What to Historise — The Full Tag Scope

The historian tag list must cover more than just the process values. A complete GMP historian configuration includes five categories of tags:

Data Buffering — Keeping the Record Complete

The "Complete" principle of ALCOA+ requires no data gaps. But historian communication links fail. A network switch reboots, a server goes down for maintenance, a power event takes the historian offline for 20 minutes. Without a buffer, those 20 minutes of process data are gone — and a gap in the GMP record is a data integrity finding.

The PLC must be configured to buffer GMP-critical process values in non-volatile memory when the historian link is unavailable. The buffer stores records with their original NTP-synchronised timestamps. When the link restores, the buffer synchronises to the historian in chronological order. The historian receives the buffered data and stores it in its correct position in the time series, so there is no gap in the query output.

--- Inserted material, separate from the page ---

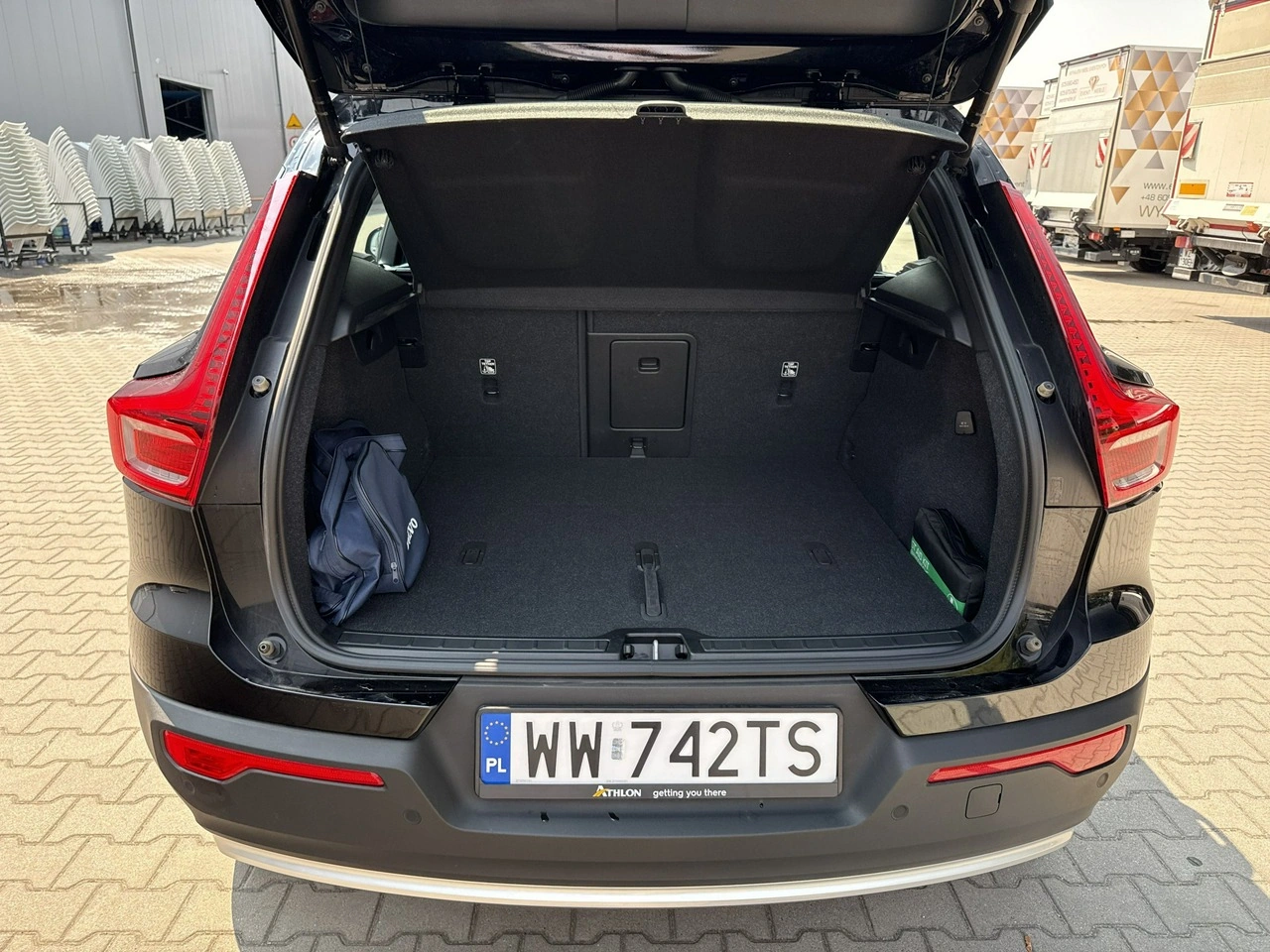 Volvo XC 40 - Zdjęcie 15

The buffer capacity must be sized for the worst realistic outage. For a system with 20 GMP-critical tags at 60-second scan intervals, that is approximately 20 records per minute. A 4-hour outage generates roughly 4,800 records. Buffer capacity should be specified to cover at least 8 hours — a full working shift — to handle planned maintenance windows without data loss.

The gap detection alarm closes the loop: the historian monitors for any gap exceeding 5 minutes in any GMP-critical tag. A gap that exceeds this threshold generates a High alarm and creates a gap event record in the historian itself, noting the start time, end time, and estimated number of records affected. This alarm is what triggers investigation — either confirming that buffer synchronisation is in progress, or escalating if buffered data cannot be recovered.

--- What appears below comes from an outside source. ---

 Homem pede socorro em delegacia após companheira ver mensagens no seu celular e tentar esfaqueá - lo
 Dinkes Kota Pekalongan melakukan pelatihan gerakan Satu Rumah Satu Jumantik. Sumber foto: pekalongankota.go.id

The 7-Year Retention Architecture

EU GMP Annex 11 Clause 17 requires that data is backed up and available throughout the required retention period. For most pharmaceutical products, process records must be retained for at least the product shelf life plus one year — in practice this often means a minimum of 7 years for a process historian. The retention architecture must support full queryability throughout that period, not just storage.

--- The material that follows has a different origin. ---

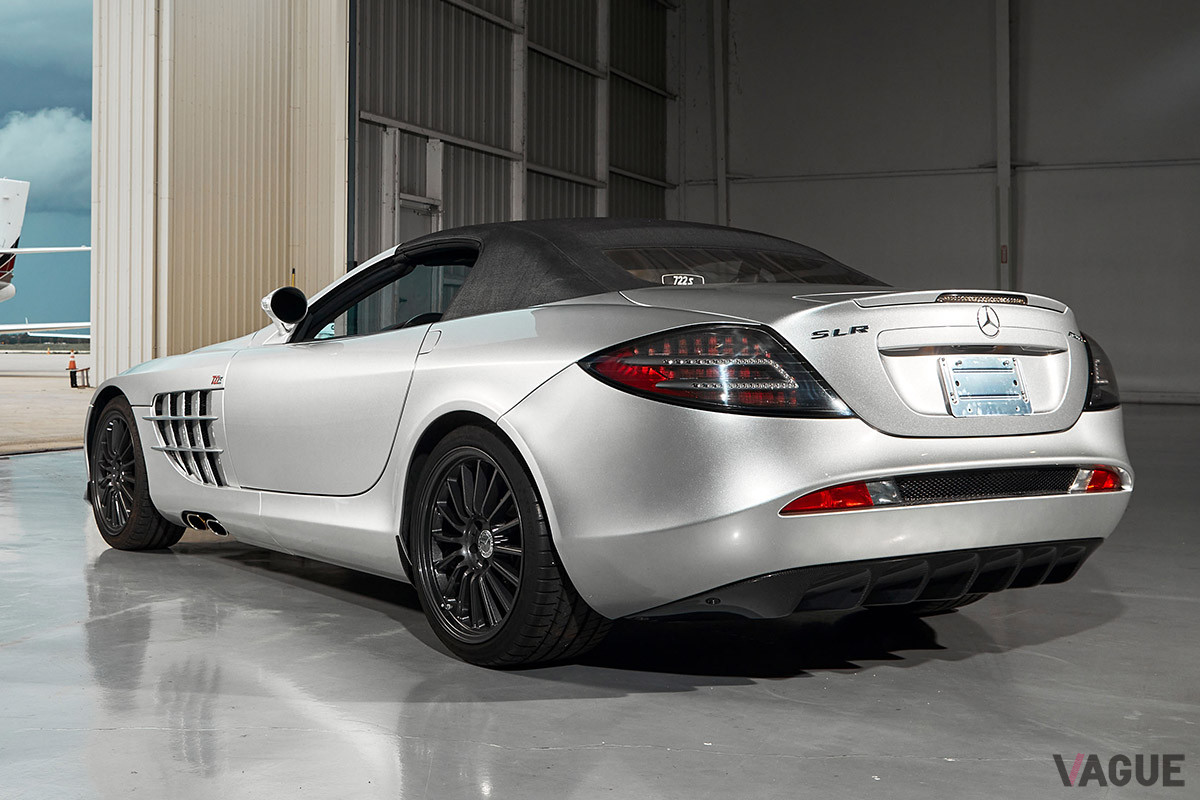 約8500万円で落札されたメルセデス・ベンツ「SLRマクラーレン722Sロードスター」（C）2021 Courtesy of RM Sotheby's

A two-tier architecture is standard: 2 years online in the active historian database with full SQL query access and trend display; 5 additional years archived to a secondary storage location with SQL query capability via archive restore. The boundary between online and archive retention must be managed automatically — the historian should automatically archive records that age beyond the online window, not rely on a manual annual process that may be skipped.

Critically, the audit trail records must be retained for the same period as the process records they document. If process data is retained for 7 years, the corresponding audit trail entries must also be retained for 7 years. The retention policy must explicitly prohibit purging audit trail records independently of the associated process records — this is specified in the FDS and verified as part of the write-once architecture test during OQ.

In the QLean Framework

The Engineering Lists workbook (EL-SYS-001) Sheet 4 is the Historian Tag List — a structured table containing all 44 historian tags for the reference system. Each entry specifies: tag name (validated against the [SYS]_[AREA]_[DESCRIPTION]_[TYPE] convention), description, engineering unit, scan interval, storage type (Exception/Time-based/On-Change with specific deadband values), online retention (2 years), archive retention (7 years), data type, PLC source DB address, GMP-critical flag (28 of 44 tags flagged), and alert limits. The tag categories cover quality parameters (conductivity with both sensor values and processed value, TOC), temperature at all monitoring points, pressure and level, setpoints stored on-change for audit trail purposes, sanitization sequence state with hold timer at 10-second time-based for forensic completeness, and system health tags (backup status, NTP status). The FDS (FDS-SYS-001) FUNC-DATA-001 through FUNC-DATA-004 define the full historian recording requirements including the data buffering specification and 5-minute gap detection alarm (ALM-DATA-001).